Paul a 11 ans et subi un racket au collège. Lorsque son grand frère le découvre, il lui laisse une lettre dans sa tirelire. C’est le début d’une correspondance par mail alors que Lou-Victor, le grand frère, est soudain loin de Paul. Alors que la situation semble s’aggraver, d’autres personnages vont peu à peu faire leur entrée dans la vie de Paul, avec des échanges de mots en classe ou encore des messages sur Facebook.

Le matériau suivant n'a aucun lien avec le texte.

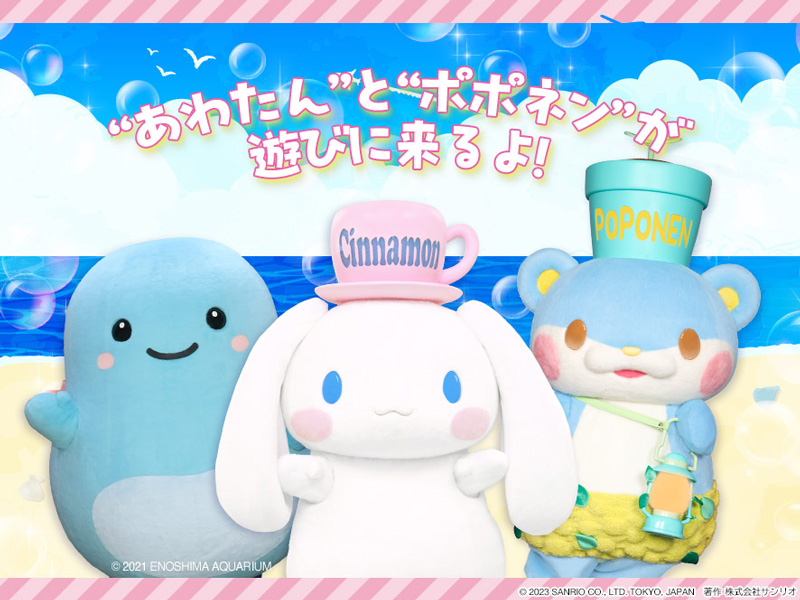 新江ノ島水族館　あわたん シナモン ペアマスコット ぬいぐるみ サンリオ あわたん シナモン ペアマスコットぬいぐるみ 新江ノ島水族館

Comment aider son petit frère lorsque l’on est si éloigné de lui ? Éloigné parce qu’ils n’ont jamais été tellement proches, parce que leurs parents ne leur ont jamais véritablement prêté attention, et parce que Lou-Victor est dans un « internat ». Mais Paul n’est pas dupe, même si on ne lui a rien dit, il sait où est réellement son frère. Cette correspondance inattendue, née d’un acte tout de même répréhensible de Lou-Victor, va pourtant amener les deux frères à se confronter, se confier et se redécouvrir. Malgré la distance, le grand frère va tenter d’aider le plus petit à se sortir du terrible engrenage dans lequel il s’est retrouvé. Et s’il ne peut pas venir lui-même s’en charger, peut-être des camarades de Paul le pourront-ils ? Grâce aux conseils de son frère, Paul rencontre Loubna, une élève de troisième solaire et forte, qui semble faire partie d’une histoire compliquée de Lou-Victor, et qui va se révéler une véritable amie…

Sans vous en dire trop sur les chemins qui mèneront chacun d’entre eux dans cette histoire, sachez simplement que Frédéric Vinclère nous offre là une magnifique correspondance, intimiste et lumineuse. Beaucoup de non-dits, de petits secrets ne seront pas révélés, comme ce fameux mot qui débloquera une certaine situation et termine le roman, mais c’est là aussi toute la réussite de ce texte sur la famille et l’amitié. Si le point de départ se focalise sur le harcèlement que subit Paul, c’est avant tout la relation entre deux frères qui nous touche, cet éloignement forcé de Lou-Victor, ses erreurs et ses tentatives d’être un meilleur frère, une meilleure version de lui-même, d’être tout simplement là pour Paul quand personne d’autre ne l’est. Quant à Paul, il nous bouleverse par son innocence et sa profonde solitude. A travers cette correspondance, les deux frères vont apprendre à se retrouver, à s’aider mutuellement, à grandir et tenter de faire avancer leur famille. Un roman d’une grande justesse, mais également plein d’humour et d’optimisme.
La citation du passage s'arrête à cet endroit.